◆ Task item ◆
Transcribe every line of the material below without change, apart from dropping the pictures.

◆ Collected material ◆
:::::

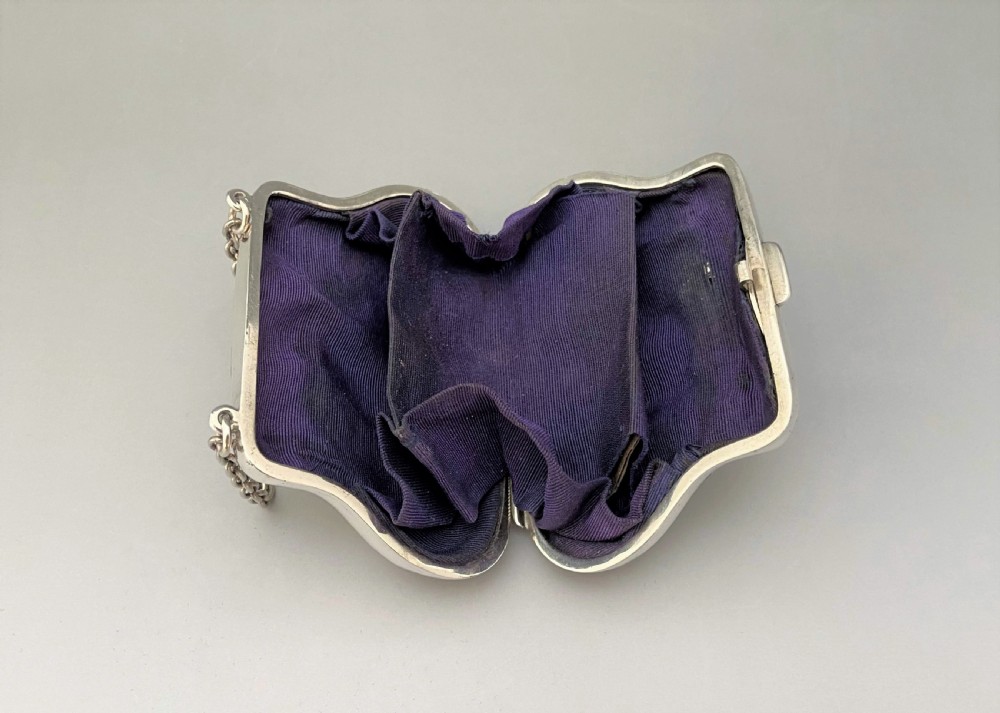 A lovely Edwardian silver cocktail purse View V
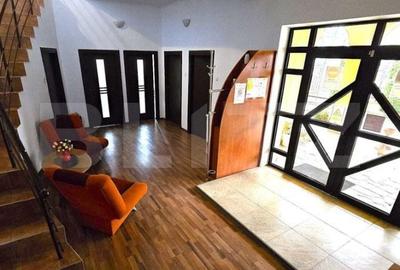 Spațiu comercial, de 808 mp, în Central - 15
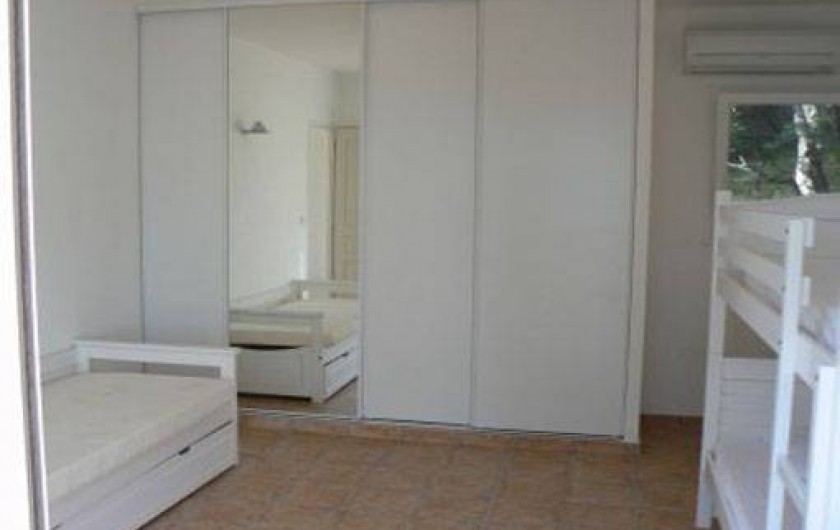 Location de vacances - Maison - Villa à Pinarellu - Chambre N° 2 avec 4 petits lits  ou un grand lit de 160 et 2 petits lits de 90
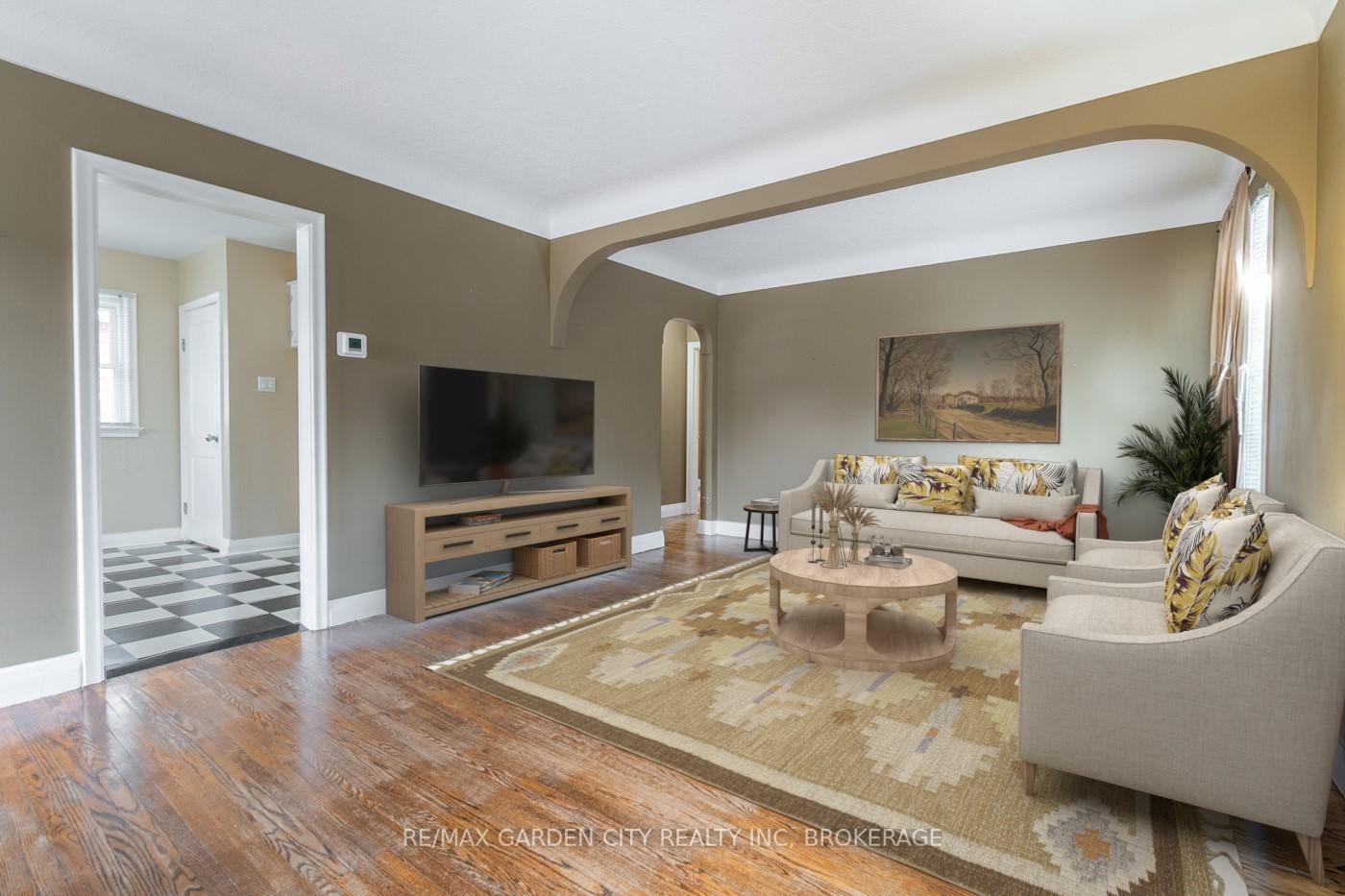 Photo 3 of 29 Rosedale Avenue, St. Catharines, Secord Woods — HOMEH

:::::

◆ Response to this exercise ◆
 A lovely Edwardian silver cocktail purse View V
 Spațiu comercial, de 808 mp, în Central - 15
 Location de vacances - Maison - Villa à Pinarellu - Chambre N° 2 avec 4 petits lits  ou un grand lit de 160 et 2 petits lits de 90
 Photo 3 of 29 Rosedale Avenue, St. Catharines, Secord Woods — HOMEH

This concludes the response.